Era troppo accorto e prudente per accontentarsi di facili ma alla fine maldestre, inutili e persino dannose risposte alla “questione”. Registrava invece con puntiglio i segnali di maturazione, di presa di coscienza, di crescita. E riprendendo l’invito di Mario Luzi richiamava alla reciprocità tra il Creatore e la creatura, e delle creature tutte tra loro: non solo degli umani. Perché — argomentava — a partire dalle scelte e dagli stili di vita della quotidianità, si può stipulare «un trattato di pace con il pianeta», ricominciando «da capo, dai fondamenti, ora che crollano gli edifici di cartapesta». Utopia la «civiltà del meno», che in verità esige però un supplemento d’anima, che egli intravedeva all’orizzonte come via al cambiamento? No. Profezia: realistica e sofferta.

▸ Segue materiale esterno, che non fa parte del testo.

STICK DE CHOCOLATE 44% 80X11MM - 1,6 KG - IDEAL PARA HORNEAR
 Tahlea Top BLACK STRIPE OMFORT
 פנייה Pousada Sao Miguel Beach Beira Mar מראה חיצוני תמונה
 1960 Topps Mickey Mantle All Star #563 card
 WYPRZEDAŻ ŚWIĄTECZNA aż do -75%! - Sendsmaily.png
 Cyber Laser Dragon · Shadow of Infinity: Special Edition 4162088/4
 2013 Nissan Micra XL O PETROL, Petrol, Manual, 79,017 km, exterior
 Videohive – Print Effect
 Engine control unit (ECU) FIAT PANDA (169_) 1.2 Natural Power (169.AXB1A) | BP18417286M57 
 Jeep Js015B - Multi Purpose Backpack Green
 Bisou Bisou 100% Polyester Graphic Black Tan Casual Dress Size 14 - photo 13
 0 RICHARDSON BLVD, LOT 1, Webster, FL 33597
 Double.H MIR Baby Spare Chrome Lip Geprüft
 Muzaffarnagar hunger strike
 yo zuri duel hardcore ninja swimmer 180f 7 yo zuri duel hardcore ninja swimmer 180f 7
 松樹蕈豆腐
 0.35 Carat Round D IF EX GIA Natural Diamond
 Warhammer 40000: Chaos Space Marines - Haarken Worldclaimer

Non per nulla amava citare Ernst Bloch: «La ragione non può fiorire senza la speranza, la speranza non può parlare senza la ragione». Per questo, negli ultimi anni, la sua empatia e solidarietà di visione nei confronti di Papa Francesco erano piene e gioiose.
Dall’amicizia personale con lui — che mi ha enormemente arricchito — ne sono fiorite altre due. La prima con Chiara Lubich, che incontrammo insieme nel 1997, un’amicizia che si è espressa lungo gli anni oltre che in una regolare corrispondenza epistolare, in eventi come l’intervista pubblica al Teatro Quirino di Roma il 3 dicembre 2001. Sino a quando, solo qualche mese or sono, scriveva un magnifico pezzo per il Catalogo della mostra allestita a Trento per il Centenario della nascita di Chiara. La seconda con la comunità accademica dell’Istituto universitario Sophia, di cui sono stato preside dal 2008 a quest’anno. Zavoli ne ha seguito non solo con intima partecipazione ma direi come fosse uno di noi la nascita e le tappe di sviluppo. Fu a lui affidato il primo appuntamento delle «Cattedre di Sophia», poi pubblicato: Rovesciare l’anima del mondo. Questione e profezia (2010). Ma aveva già partecipato all’inaugurazione, il 1° dicembre 2008, consegnandoci questo testamento: «L’uomo è essenzialmente la sua relazione, dal momento che nascendo ha già dentro la contestualità dell’altro, cioè di colui dal quale promana la sua stessa identità, essendo tutti nati — seppure “a sembianza d’un solo”, come dice Manzoni — “da altri per gli altri”. L’altro, come memoria e come premessa di quella “tela apparentemente senza significato che è la storia”, per dirla con Goethe. Nella quale, invece, ciascuno vale tutta l’umanità e deve risponderne per intero. Essendo ciascuno il liberatore di sé stesso anche nell’altro. E l’altro in ciascuno di noi».